Londra yine beyaz kıyafetlerini giydi. Bu sefer geçen senekinden çok daha şiddetli yağan kar 4. gününde herkese zorla kar tatili yaptırdı.
Kar yağdığı zaman hep Ankara'da geçen çocukluğum, Oğuz'la karlarda yuvarlana yuvarlana kar topu savaşı yaptığımız anlar geliyor. Normalde alışveriş ve sinema günümüz olan pazar yolların karlı olması nedeniyle ev saadeti gününe döndü bu hafta. Sıcacık çayımı içerken ayağımı uzatıp masum aşkların yaşandığı Kore dizilerini izlemek koşturmacalı bir haftanın sonunda pek iyi geldi.
Ama alışveriş yapmam şart. Soğuk havada tam ev kedisi olan Atakan'ı dürtüklemek suretiyle benimle beraber alışverişe sürükledim. Birinin aldıklarımı taşıması lazım değil mi ama? Normalde zaten bunun aslı görevi olduğunu bildiğinden hiç sesini çıkarmadan yola çıkar ama kara alışık olmadığından iki mırın kırın etti. Tabi karşısında karasal iklimin çemberinden geçmiş bir bünye olduğunu kendisine ifade ettikten sonra yola düştük.
Gidecegimiz mesafe fazla değil aslında, o sadece alışverişe gittiğimizi sanıyor oysa benim başka planlarım var.

Yıllar önce sömestir tatili için gittiği Zonguldak'ın karından çok farklı tabi ki buranın elekten geçirilmiş incecik karı. Yine yıllar önce sevgili Özy- Gülocan ve Duygu ile Bornovadaki evimizin balkonunda poşet poşet taşıdığımız karlarla yaptığım kardan kadın geleneğini bozmayarak ilk gördüğüm karda gurbette de olsam kardan kadınımı yaptım.
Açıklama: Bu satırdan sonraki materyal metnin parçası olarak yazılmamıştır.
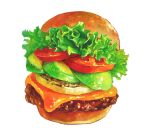  bun_(food) burger butayaro1 cheese food food_focus lettuce meat no_humans original shadow simple_background sparkle still_life tomato tomato_slice white_background 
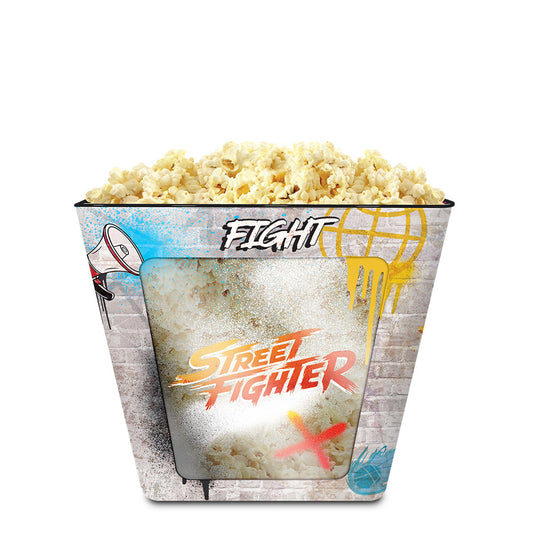 Front view of the Street Fighter popcorn tin showing iconic character graphics against a metal finish-3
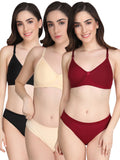 Padded Bra Panty Set (Pack Of 3)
Yılların ustalığı ile katmanları üst üste koyup, taze kar harçıyla mıhladıktan sonra detaylara giriştim. Bu nokrata şekil vermek için istediğim bıçak elime ulaşmadığı için karate darbeleriyle şekil vermek zorunda kaldığım sevgili kardan kadını evliliğimizin 7. ayı şerefine Atakan'a ithaf ettim.
Biter bitmez yoldan geçen bir kadın remini çekmek istedi, elbette dedim. Ne de olsa kar yağışı böyle devam ederse sabaha obez olacak sevgili kardan kadınım :)
Umarım memlekettekiler de üşenmeyip benim gibi karın beyaz masumiyetinin keyfini çıkarıyorlardır.